Père jouissait pourtant, en général, d'un excellent tempérament. On le voyait presque toujours de bonne humeur, il était vif et affairé, trouvait du boulot pour chacun, surveillait tout. Tantôt il discutait avec les tantes de la meilleure façon d'apprêter les peaux (il n'avait pas été long à mettre en pratique son idée de fourrure amovible), tantôt il étudiait la résistance des lianes à la traction, ou bien encore il se creusait la tête sur ce qu'on pourrait faire des bois de cerf abandonnés.
«Le secret de l'industrie moderne, c'est l'utilisation intelligente des résidus», déclarait-il, et puis, d'un bond, il remettait sur ses deux pieds un bébé rampant à quatre pattes, le fessait et rabrouait mes sœurs: «Quand donc comprendrez-vous qu'à deux ans un enfant doit savoir trotter? Quelle éducation! Si vous le laissez rétrograder vers sa tendance instinctive à la locomotion quadrupède, si cette habitude ne se perd pas, tout est perdu!

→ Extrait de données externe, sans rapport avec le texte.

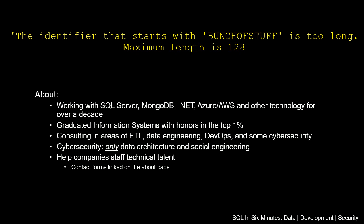In this video, we are going to be troubleshooting the error 'the identifier that starts with a bunch of stuff is too long, maximum length is 128.'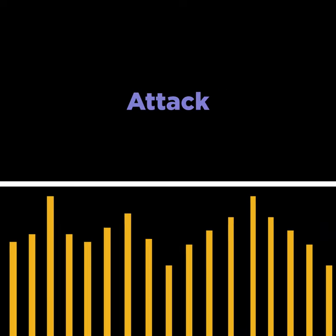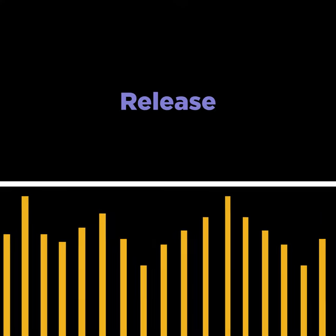The attack tells the compressor how fast to turn on. The release tells the compressor how fast to turn off.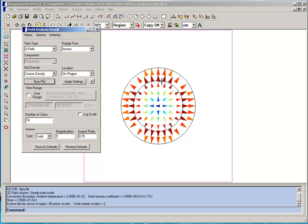Once you leave the copper and as you move through the rubber, the heat flux again decreases. So this should give you an idea of the kind of analysis you can perform in Kelvin. And in a later video clip we will build this model and show you how you perform the analysis.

Nos mains, nos cerveaux, tout! N'allez pas croire que nos progrès depuis le lointain miocène, je les laisse mettre en péril par une poignée de filles paresseuses! Faites-moi tenir ce garçon sur ses jambes postérieures, mademoiselle, sinon ce sera le vôtre, de postérieur, qui aura du bâton, je vous en avertis!»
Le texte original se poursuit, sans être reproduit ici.